WTO yang termasuk penyokong
kapitalisme, imperialisme menguasai berbagai negara yang bergantung di seluruh
dunia yang melahirkan penderitaan dan kemiskinan yang tak berkesudahan terhadap
rakyat. WTO pencetus Liberalisasi pendidikan telah menjadi mesin eksploitasi
terhadap rakyat dalam aspek ekonomi yang menyebabkan semakin tak terelakkan
mahalnya pendidikan yang harus di tanggung oleh rakyat dan mengubah tujuan
pendidikan melalui kurikulum sampah yang tidak menjamin kemajuan kebudayaan dan
kesejahteraan rakyak. Pendidikan telah di jadikan mesin pencetak tenaga kerja
yang murah dengan skill dan pengetahuan yang rendah untuk memenuhi kepentingan
pasar dan para kapitalis yang kemudian di eksploitasi, dihisap dan ditindas.
KOMERSIALISASI GAYA BARU DALAM
BENTUK UANG KULIAH TUNGGAL (UKT)
Di tahun 2013 semua
perguruan tinggi Negri wajib melaksanakan kebijakan baru dari Direktorat
Perguruan tinggi, yaitu uang kuliah tunggal (UKT), yang menurut pemikiran saya
adalah bentuk komersialisasi gaya baru
pada perguruan tinggi yang tak lepas dari kebijakan WTO dalam meliberalisasi
sektor jasa/pandidikan. Berakar pada Undang - Undang No 12 Tahun 2012 Pasal 88
dan PERMENDIKBUD No 55 Tahun 2013 , sistem ini mulai diterapkan pada tahun
ajaran / semester ini yang kemudian pada tahun ini menumbulkan berbagai polemik
yang secara langsung memberat kan calon mahasiswa yang ingin masuk keperguruan
tinggi.
Banyak keluha kesah dari berbagai
mahasiswa dan orang tua mahasiswa atas kebijakan UKT ini. Karena apa yang di
dapatkan mulai fasilitas, almamater, praktikum dll. Tidak sesuai dengan apa
yang mereka harapkan dari besaran UKT yang mereka telah bayar.
Adapun dasar hukum UKT yaitu Surat Edaran Dirjen Dikti No.

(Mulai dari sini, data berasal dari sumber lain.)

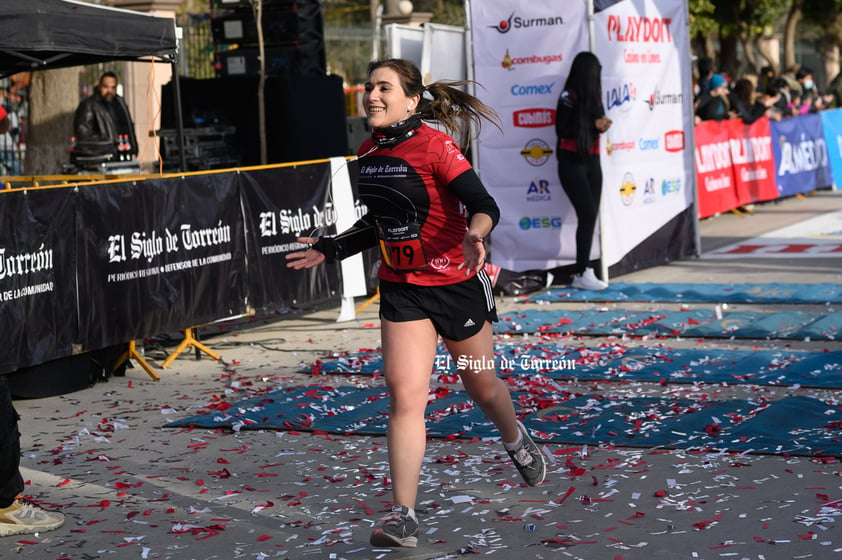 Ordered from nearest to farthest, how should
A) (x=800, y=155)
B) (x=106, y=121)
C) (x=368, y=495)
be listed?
(x=368, y=495), (x=106, y=121), (x=800, y=155)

305/E/T/2012 tertanggal 21 Feb 2012
tentang Larangan Menaikkan Tarif Uang Kuliah, Surat Edaran Dirjen Dikti nomor
488/E/T/2012 tanggal 21 Maret 2012 tentang Tarif Uang Kuliah SPP di Perguruan
Tinggi, Surat Edaran Dirjen Dikti 274/E/T/2012 bertanggal 16 Februari 2012
tentang Uang Kuliah Tunggal, Surat Edaran Dirjen Dikti No. 21/E/T/2012 tanggal
4 Januari 2012 tentang Uang Kuliah Tunggal. Terakhir, Dikti mengeluarkan Surat
Edaran No. 97/E/KU/2013 tentang Uang Kuliah Tunggal yang berisi Permintaan
Dirjen Dikti kepada Pimpinan PTN untuk menghapus uang pangkal dan melaksanakan
Uang Kuliah Tunggal (UKT) bagi mahasiswa baru program S1 reguler mulai tahun
akademik 2013/2014. Kemudian dalam Rapat antara Direktorat Perguruan Tinggi
(Ditjen Dikti) dengan para rektor sejumlah PTN yang diselenggarakan di Bandung,
2 Juni 2012 untuk membahas penerimaan mahasiswa baru tahun 2013, Dikti kembali
menghimbau PTN untuk melaksanakan kebijakan UKT dan mekanisme pemberian BOPTN.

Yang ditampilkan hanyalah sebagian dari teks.